Work request → For this exercise, please transcribe exactly and only the lines from the one containing "NTV-Gisouhurin-偽装不倫: 今夜放送第9話のオフショット" through the end of the material, both ends included, without pictures.
╭──
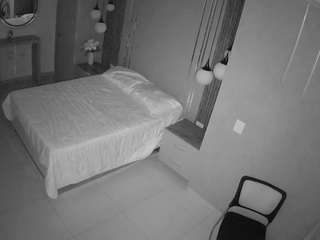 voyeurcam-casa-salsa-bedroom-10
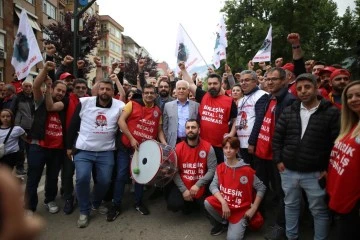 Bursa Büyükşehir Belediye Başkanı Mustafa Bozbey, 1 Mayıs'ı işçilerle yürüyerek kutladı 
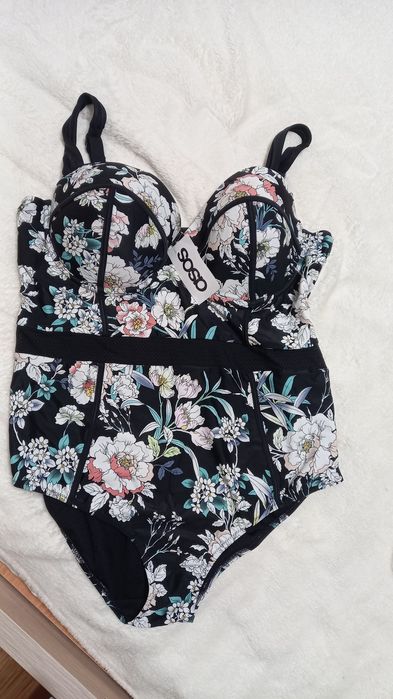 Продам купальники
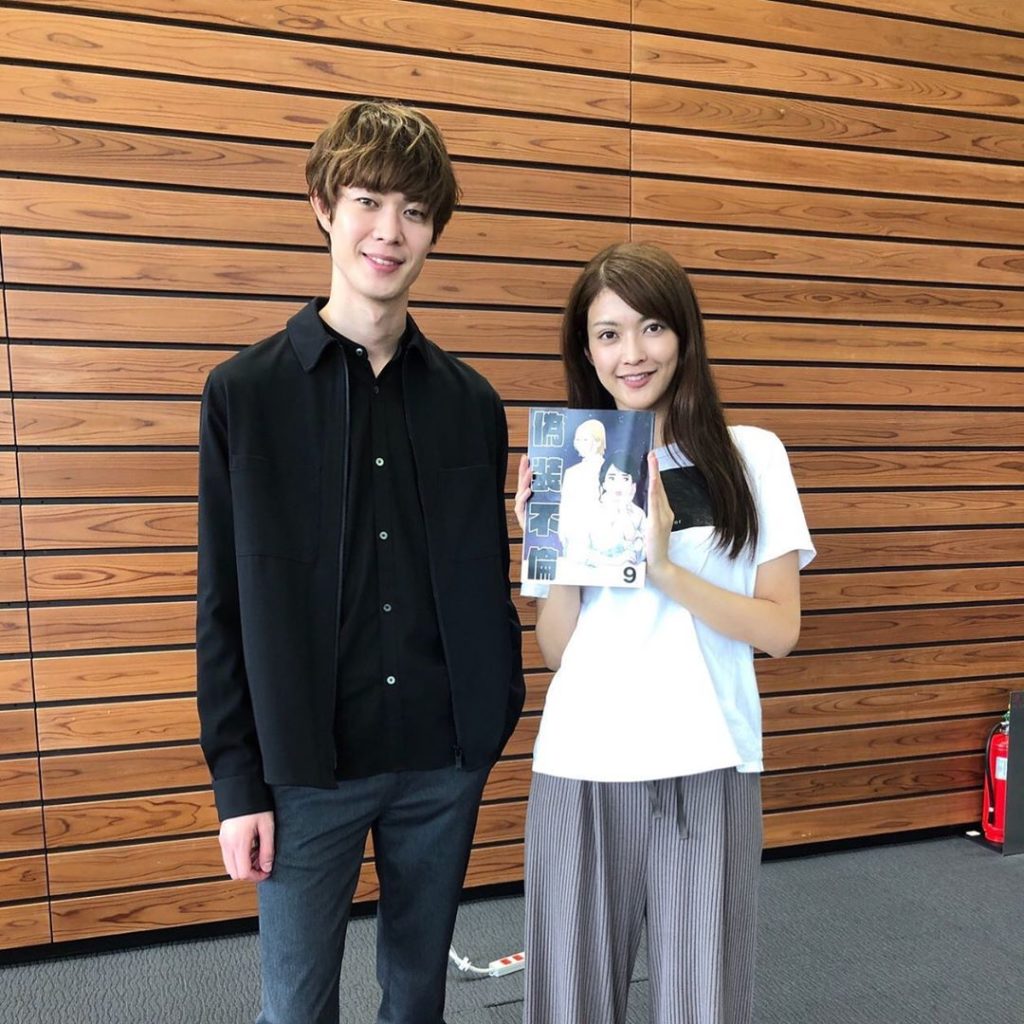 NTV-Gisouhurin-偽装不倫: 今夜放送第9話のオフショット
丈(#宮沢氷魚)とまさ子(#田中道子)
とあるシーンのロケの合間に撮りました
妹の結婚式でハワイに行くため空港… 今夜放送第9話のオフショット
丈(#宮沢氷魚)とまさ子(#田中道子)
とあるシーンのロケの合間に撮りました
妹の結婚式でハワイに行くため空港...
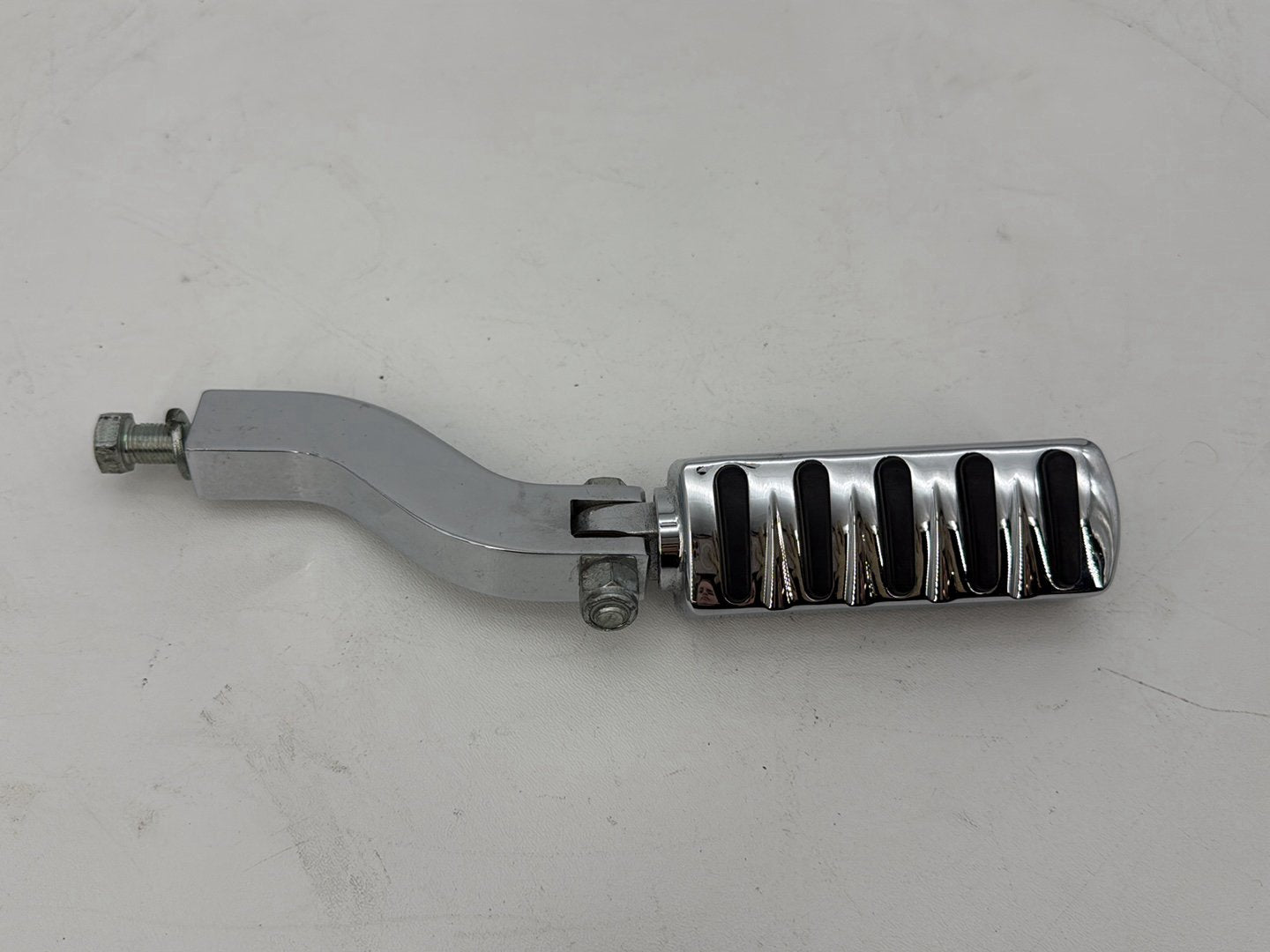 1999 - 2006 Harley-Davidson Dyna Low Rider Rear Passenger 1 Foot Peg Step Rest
╰──
Solution to the problem →
 NTV-Gisouhurin-偽装不倫: 今夜放送第9話のオフショット
丈(#宮沢氷魚)とまさ子(#田中道子)
とあるシーンのロケの合間に撮りました
妹の結婚式でハワイに行くため空港… 今夜放送第9話のオフショット
丈(#宮沢氷魚)とまさ子(#田中道子)
とあるシーンのロケの合間に撮りました
妹の結婚式でハワイに行くため空港...
 1999 - 2006 Harley-Davidson Dyna Low Rider Rear Passenger 1 Foot Peg Step Rest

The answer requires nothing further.